▶ _What the task requires_
Locate "Vertical smoker on" in the records below, then copy its line and every following line exactly, without the pictures.

[Image-text web data]
**********
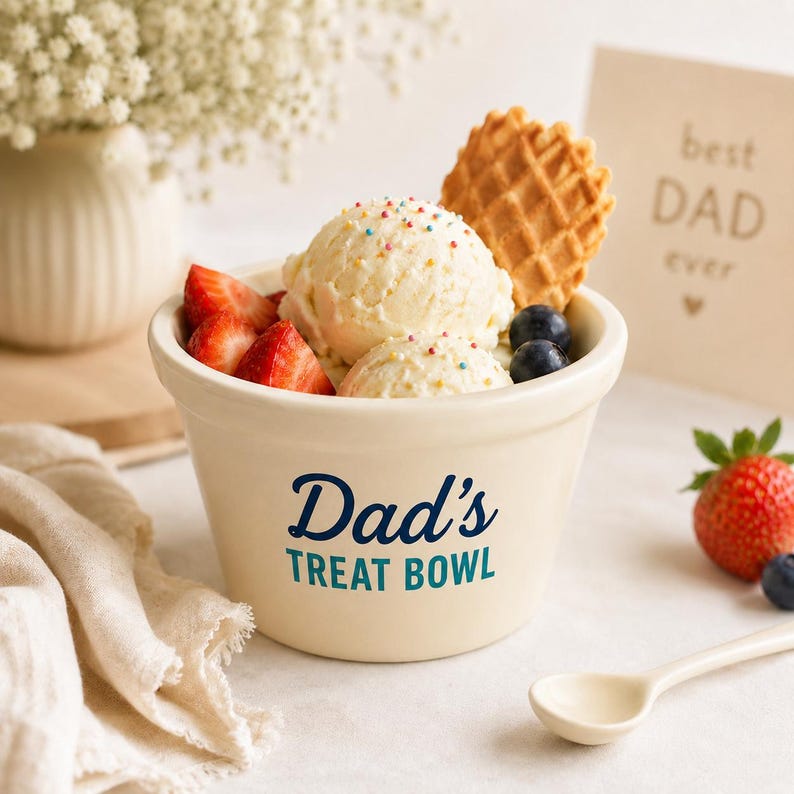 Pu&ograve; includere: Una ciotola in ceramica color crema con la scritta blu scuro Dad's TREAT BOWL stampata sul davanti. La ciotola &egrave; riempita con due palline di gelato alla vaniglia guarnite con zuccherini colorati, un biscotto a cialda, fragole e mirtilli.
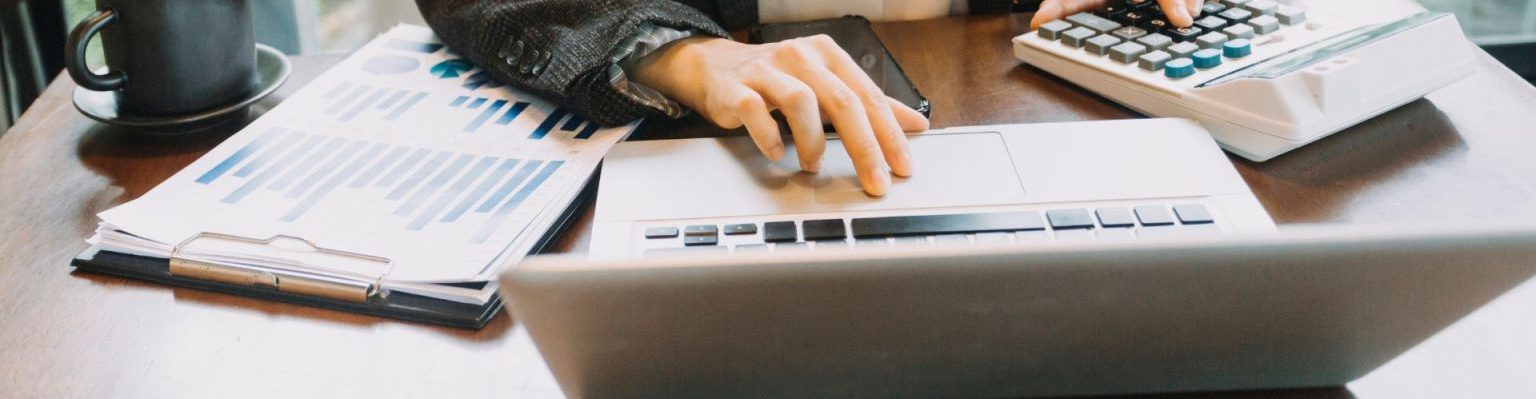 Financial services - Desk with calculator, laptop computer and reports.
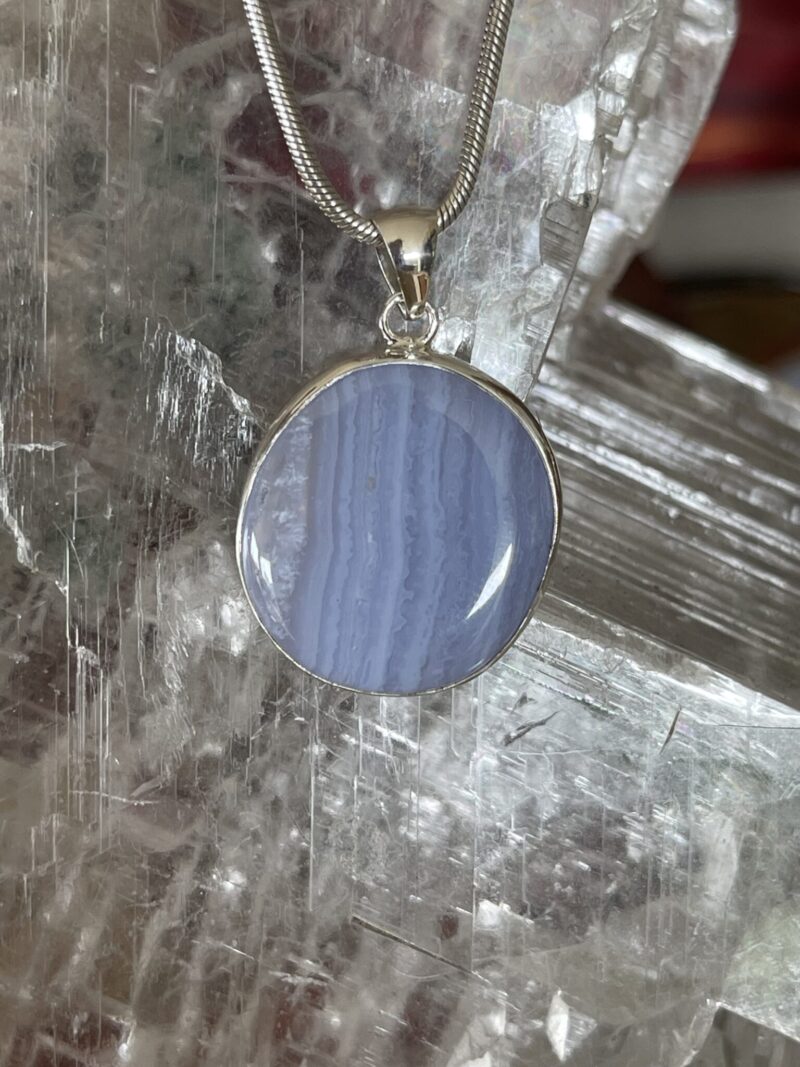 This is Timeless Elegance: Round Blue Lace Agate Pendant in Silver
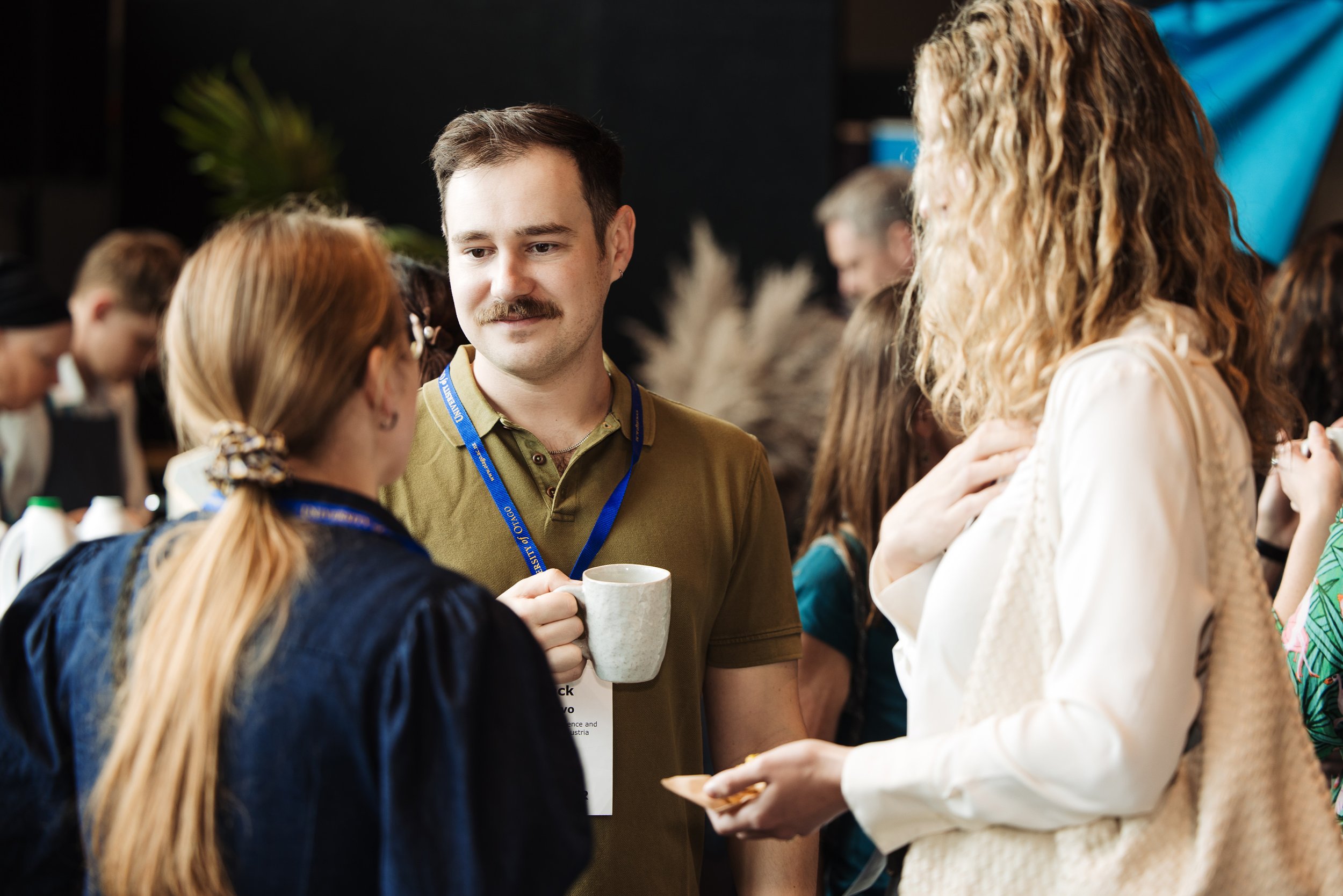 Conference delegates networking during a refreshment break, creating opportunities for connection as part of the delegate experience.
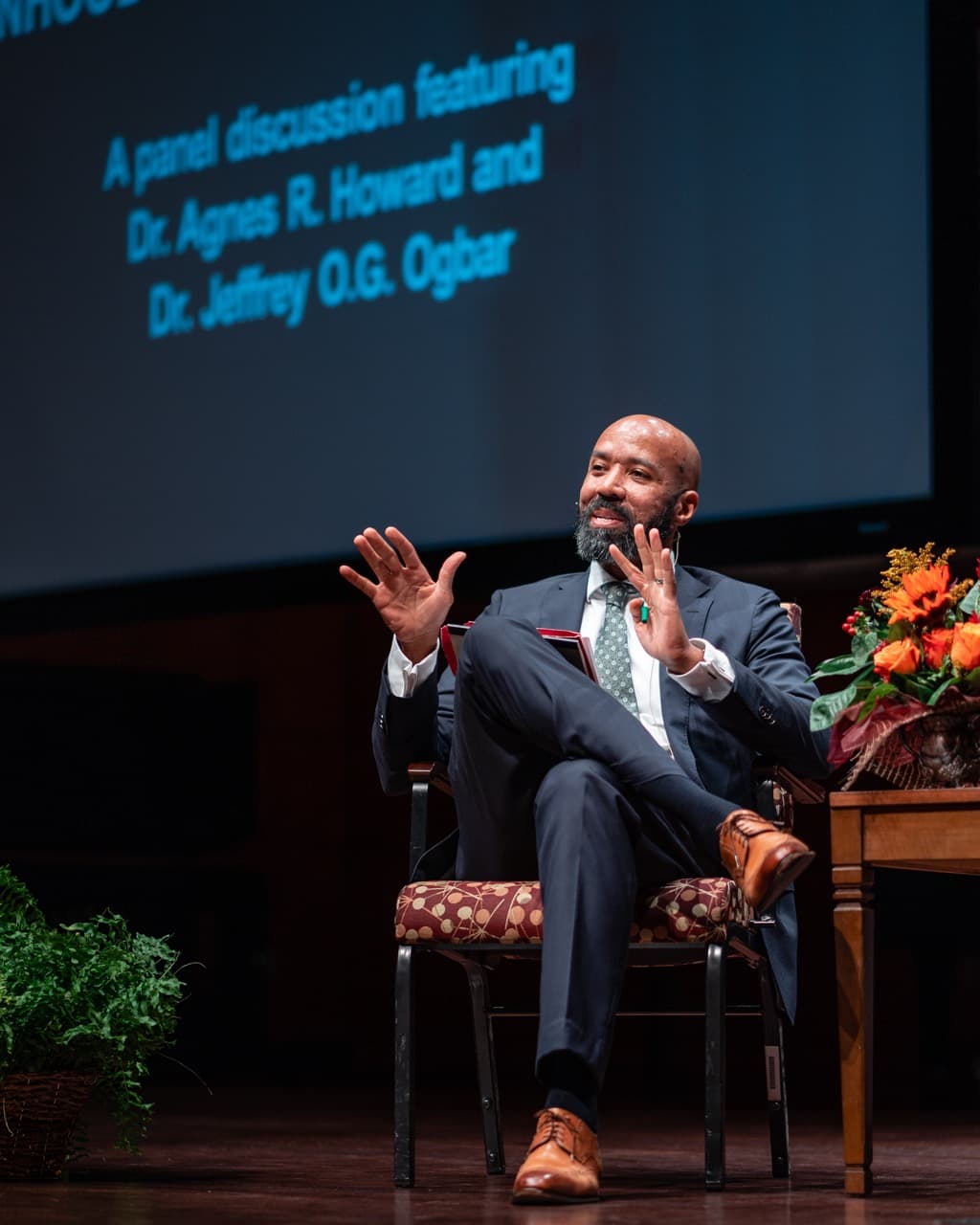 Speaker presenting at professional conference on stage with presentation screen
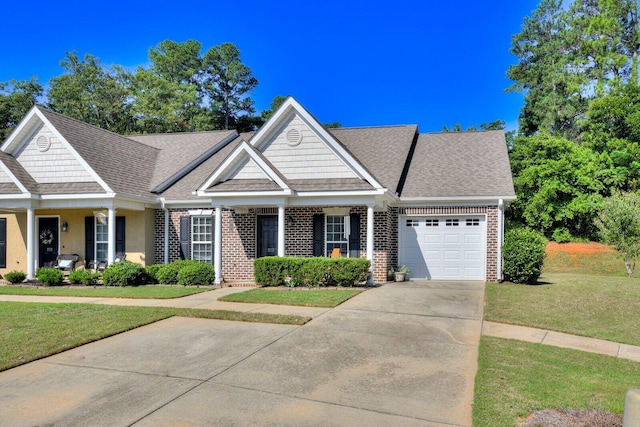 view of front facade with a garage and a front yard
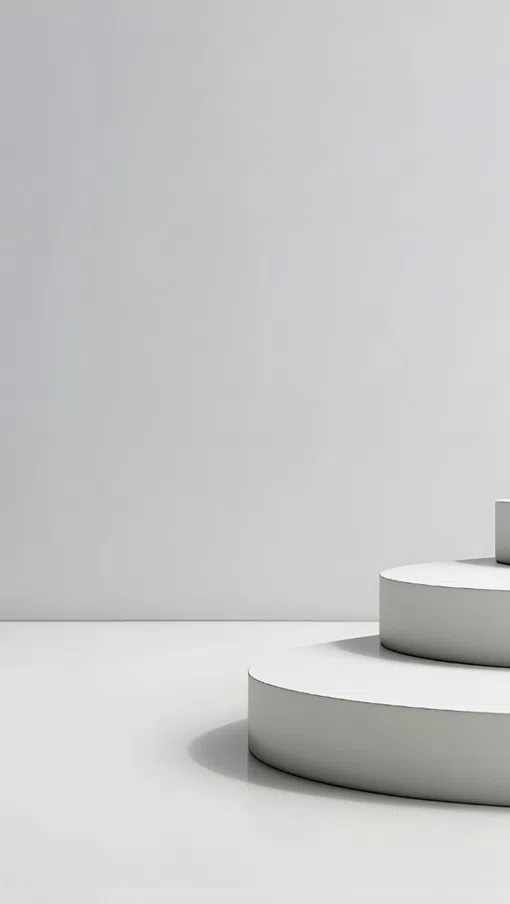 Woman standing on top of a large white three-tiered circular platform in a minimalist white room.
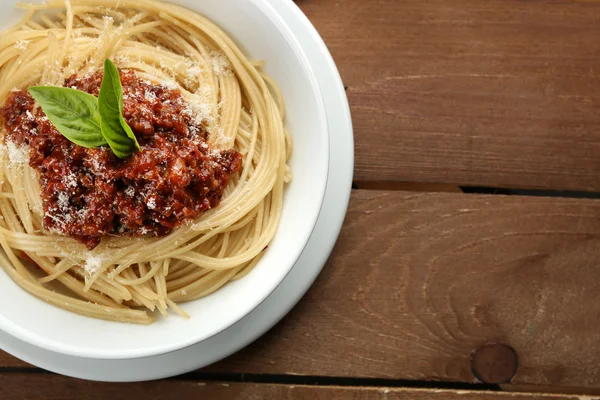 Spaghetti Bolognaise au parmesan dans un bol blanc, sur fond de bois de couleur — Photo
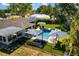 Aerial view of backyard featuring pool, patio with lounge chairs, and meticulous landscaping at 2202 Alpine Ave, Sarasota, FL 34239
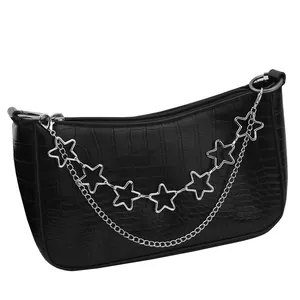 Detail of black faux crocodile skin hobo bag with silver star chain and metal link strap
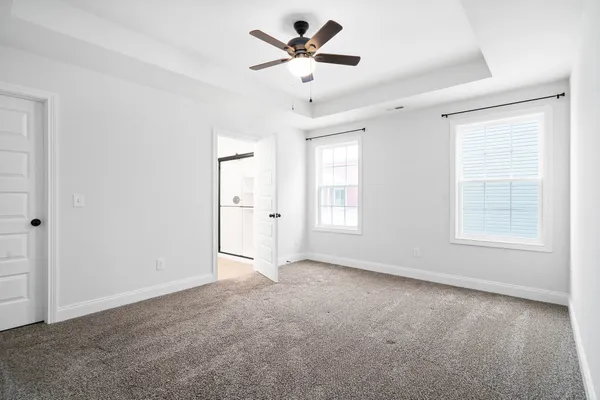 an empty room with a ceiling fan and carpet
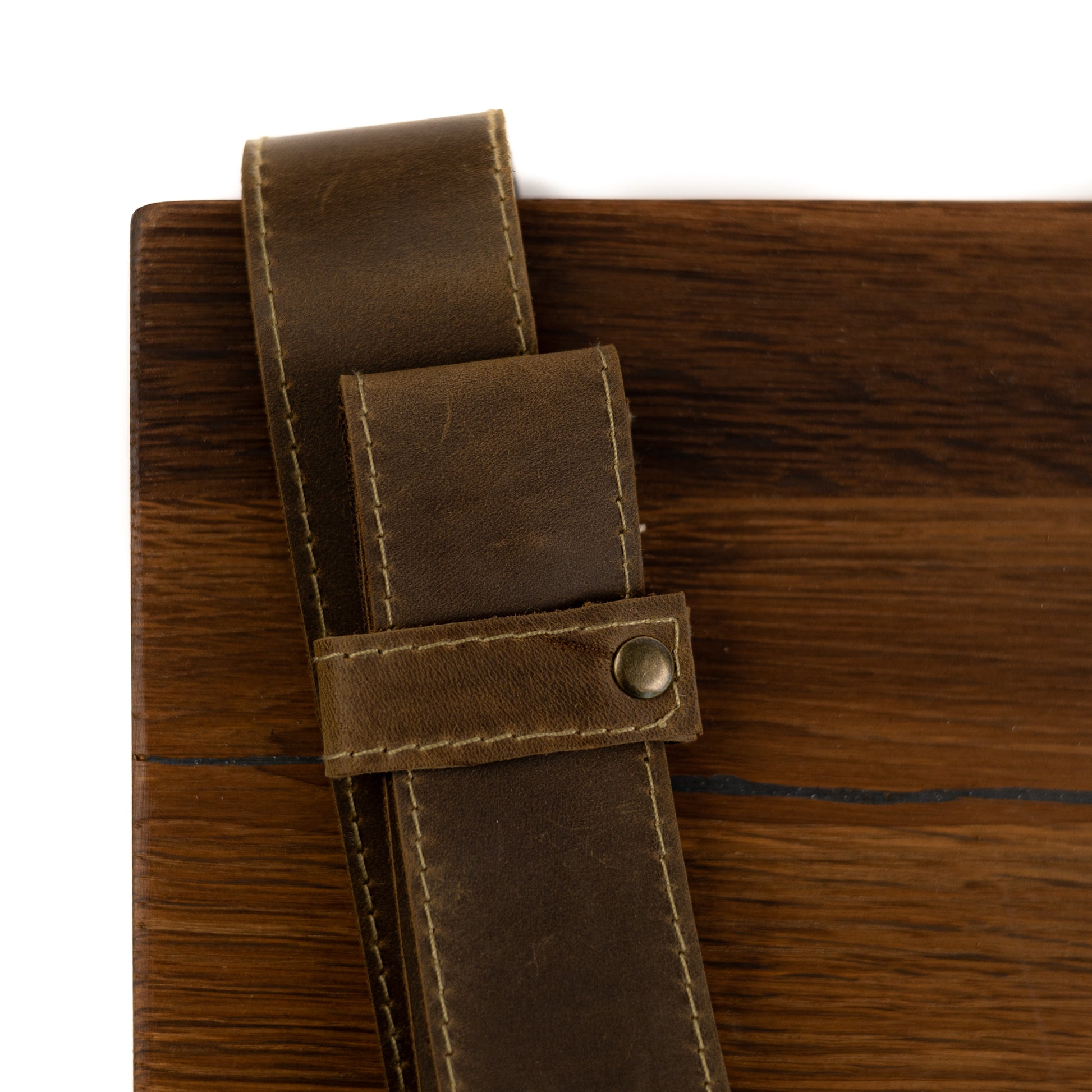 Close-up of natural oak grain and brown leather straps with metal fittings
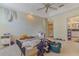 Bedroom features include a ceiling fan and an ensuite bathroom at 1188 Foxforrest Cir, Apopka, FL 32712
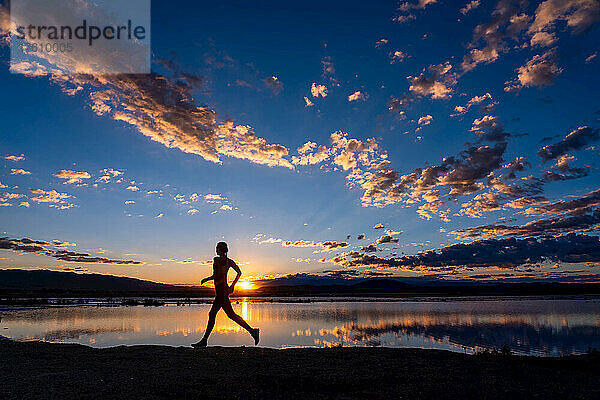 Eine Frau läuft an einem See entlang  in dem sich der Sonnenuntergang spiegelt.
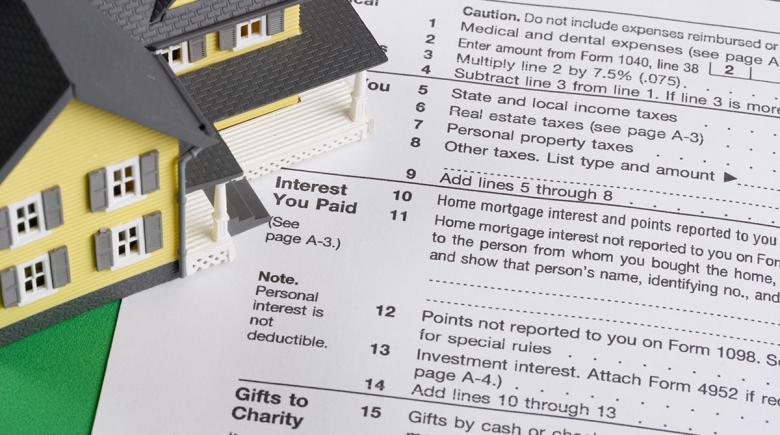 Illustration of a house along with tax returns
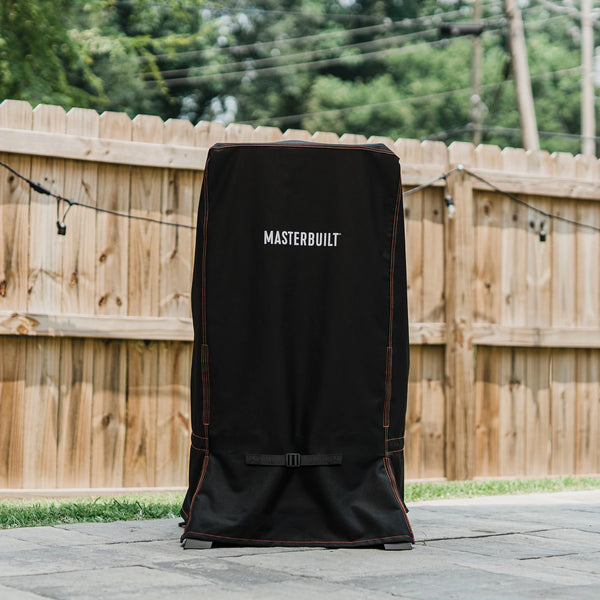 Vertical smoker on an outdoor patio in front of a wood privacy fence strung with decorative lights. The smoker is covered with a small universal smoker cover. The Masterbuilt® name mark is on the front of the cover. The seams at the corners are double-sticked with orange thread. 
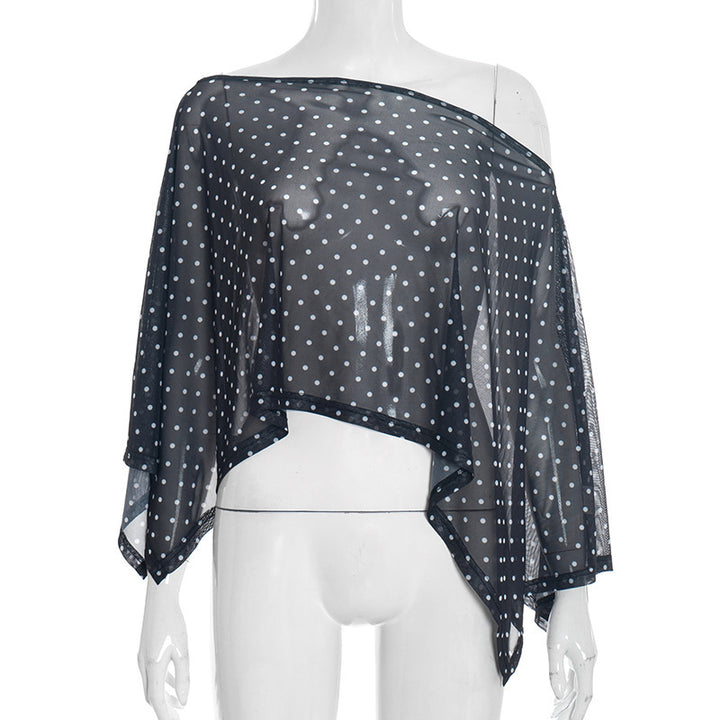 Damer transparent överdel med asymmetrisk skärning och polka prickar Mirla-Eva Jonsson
**********
▶ _Result_
 Vertical smoker on an outdoor patio in front of a wood privacy fence strung with decorative lights. The smoker is covered with a small universal smoker cover. The Masterbuilt® name mark is on the front of the cover. The seams at the corners are double-sticked with orange thread. 
 Damer transparent överdel med asymmetrisk skärning och polka prickar Mirla-Eva Jonsson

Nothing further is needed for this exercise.